I'm going to follow up on a couple of things here. I guess, firstly, my first question is on the '25 guide. From our perspective, production could have been a touch higher proportion to the spend when we consider the progress that you guys have made on the facilities capital side and the productivity side, with Alberta Deep Basin kind of being the case in point. So my question is, what efficiencies have you realized recently? Are they underwritten in this budget? And why wouldn't there be upside to your '25 guide?

M
Michael Rose
executive

Well, we have left some upside in the '25 guide, and we haven't carried through the well performance in the Deep Basin that we've experienced in '24 yet.

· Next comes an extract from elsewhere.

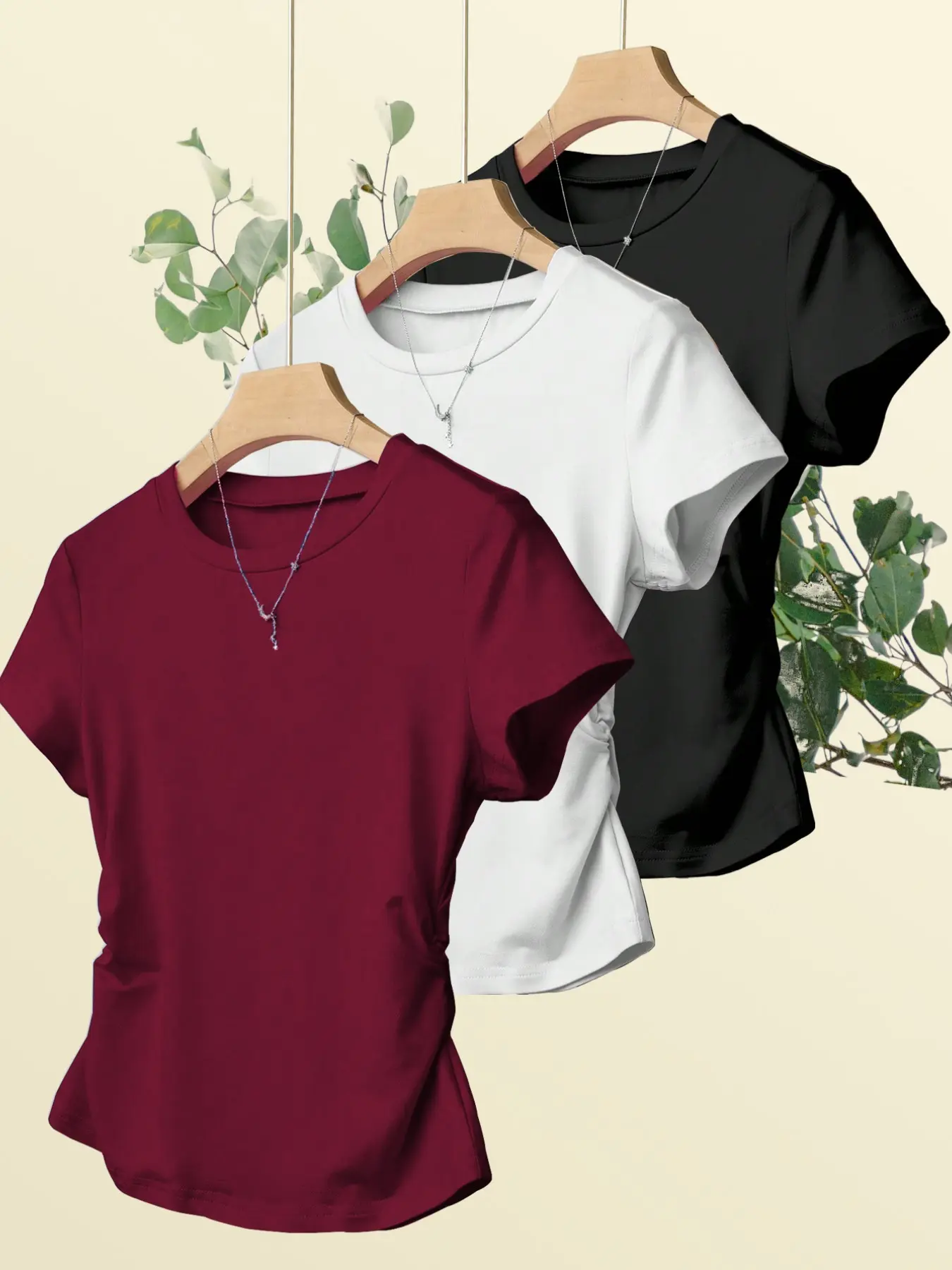 3-Pack Women's Pleated Edge Short Sleeve T-Shirts, Solid Round Neck Slim Fit Top, Casual All-Season Daily Wear, Fashionable Ladies' Clothes, Everyday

So we're trying to -- tend to be a little bit more conservative. And we'll see how it plays out.

K
Kaleinoheaokealaula Akamine
analyst

I appreciate that, Mike. My second question is on the decision to build the DUCs in the first half of the year. I get wanting to be ready to respond to higher prices, but it seems that your peers are already taking that position. So maybe rather than push more molecules into the basin, why not save that drilling and frac capital for the special, and then come back when the market is more supportive?

M
Michael Rose
executive

Yes. I mean, that's a good point. We've decided to get the pads drilled out so that we can respond. Bear in mind that most of the gas growth that we've accomplished over the past 2 or 3 years, we've matched up to egress out of the basin so that we're not clogging up AECO and Station 2. And we do realize good prices with those volumes, particularly going to California or down to the Gulf Coast with our modest LNG volumes that began in January of 2023.

Operator

Your next question comes from Fai Lee with Odlum Brown.

F
Fai Lee
analyst

Mike, I'm just wondering, not looking for a forecast or predictions, but just wondering if you have any thoughts on the AECO strip pricing that's reflected in your 5-year plan, particularly top 2025, do you see more upside with LNG Canada coming -- demand...

M
Michael Rose
executive

Keep going, sorry.

F
Fai Lee
analyst

Yes, yes. No, I'm just wondering what your thoughts are on that, right? At $3 gas, it doesn't seem that exciting. But I'm just wondering if you have more...

M
Michael Rose
executive

Well, we agree with you. We think the AECO strip is understating what the impact of the ultimate start-up of LNG Canada will do. We see most -- almost all the volumes required for the initial 2 Bcf a day in the system now. So that gas is going to get pulled left, and we don't think that's reflected in the current differential at all. So we expect that to snap back in when appreciable volumes are getting shipped west, and that the AECO strip in the out years on the AECO strip will improve. But for now, we always honor the strip in our guidance and our 5-year plan. So we'll live with it, but I think there's certainly upside there.

F
Fai Lee
analyst

Okay. I appreciate it. I know you use the strip, but I just was curious about that.

M
Michael Rose
executive

Yes. Sometimes, we'd like not to.

Operator

There are no further questions at this time. I would like to turn the call back over to Scott Kirker.

W
W. Kirker
executive

Thanks, operator. And thanks, everyone, for your time today. We look forward to chatting with you at the end of next quarter.

Operator

Ladies and gentlemen, this concludes today's conference call. Thank you for your participation. You may now disconnect.